**Exercise goal**
Excluding any images, copy all of the lines below precisely as written.

**Dataset extract**
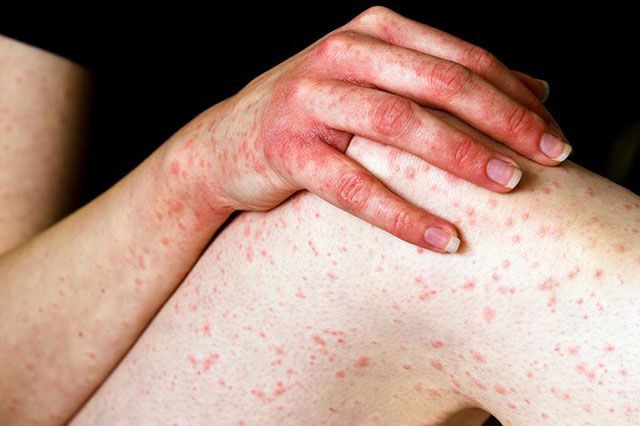 Histamine: Mặc dù là một chất dẫn truyền thần kinh thiết yếu trong cơ thể con người nhưng histamine lại gây ra phản ứng  dị ứng. Một khi ăn quá nhiều các loại thực phẩm chứa histamine này sẽ khiến cho hệ hô hấp trở nên tồi tệ hơn.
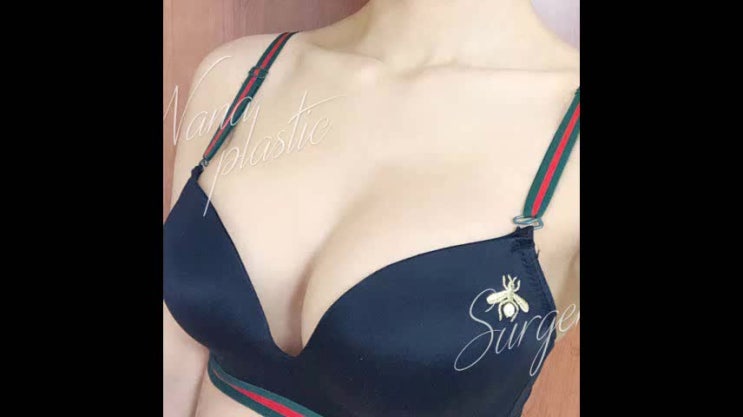  가슴성형잘하는곳 신중하게 선택하려면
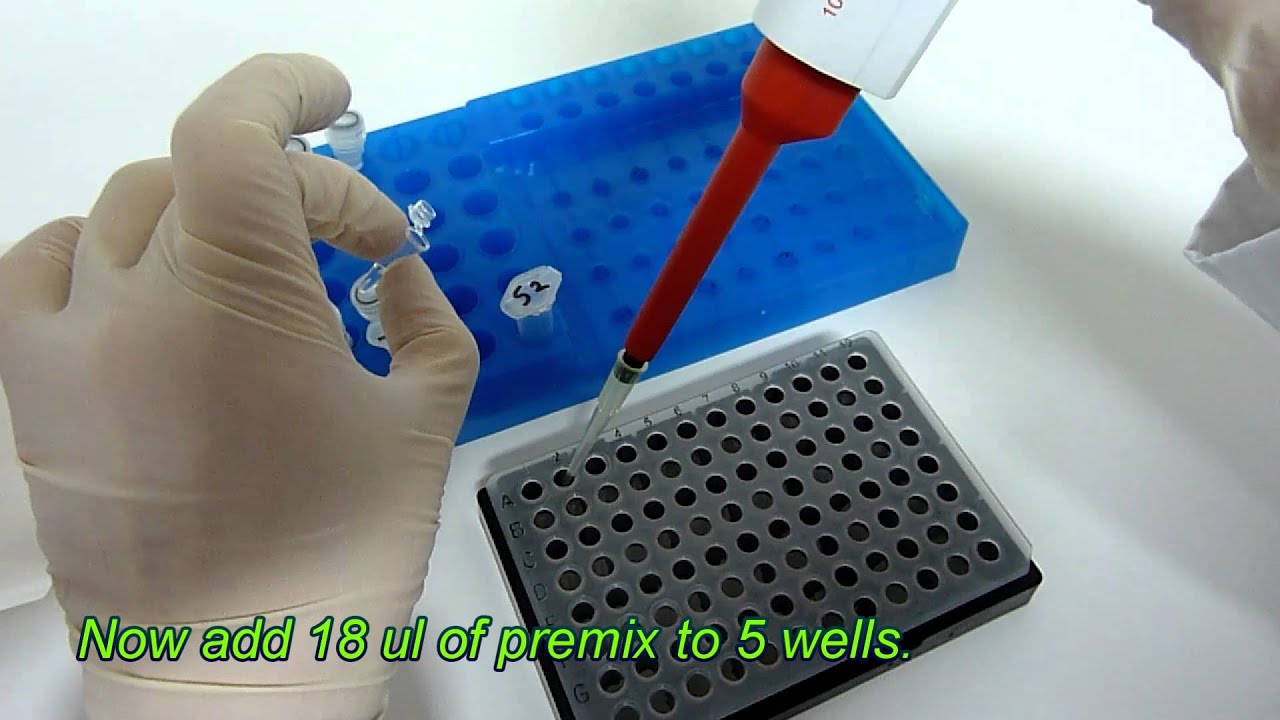 Ready to use realtime PCR kit for Chlamydia trachomatis (manual) Genekam Biotech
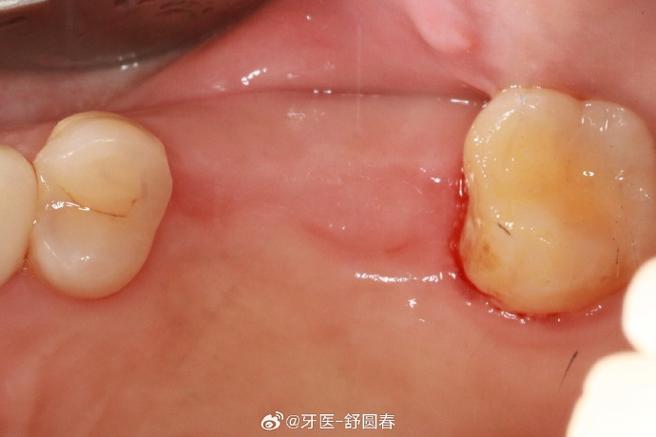 種植即刻修復 舒醫(yī)生的診療日常與醫(yī)學匠心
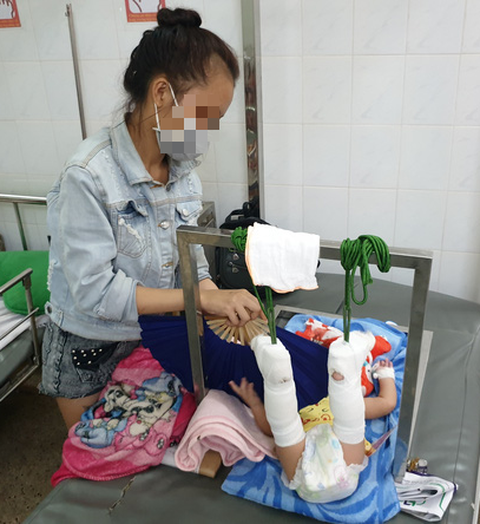 Bé trai 4 tháng tuổi gãy xương, xuất huyết não, bầm nhiều chỗ, người nhà nói té võng - Ảnh 1. Bé trai 4 tháng tuổi gãy xương, xuất huyết não, bầm nhiều chỗ, người nhà nói té võng - Ảnh 1.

**Task answer**
 Histamine: Mặc dù là một chất dẫn truyền thần kinh thiết yếu trong cơ thể con người nhưng histamine lại gây ra phản ứng  dị ứng. Một khi ăn quá nhiều các loại thực phẩm chứa histamine này sẽ khiến cho hệ hô hấp trở nên tồi tệ hơn.
  가슴성형잘하는곳 신중하게 선택하려면
 Ready to use realtime PCR kit for Chlamydia trachomatis (manual) Genekam Biotech
 種植即刻修復 舒醫(yī)生的診療日常與醫(yī)學匠心
 Bé trai 4 tháng tuổi gãy xương, xuất huyết não, bầm nhiều chỗ, người nhà nói té võng - Ảnh 1. Bé trai 4 tháng tuổi gãy xương, xuất huyết não, bầm nhiều chỗ, người nhà nói té võng - Ảnh 1.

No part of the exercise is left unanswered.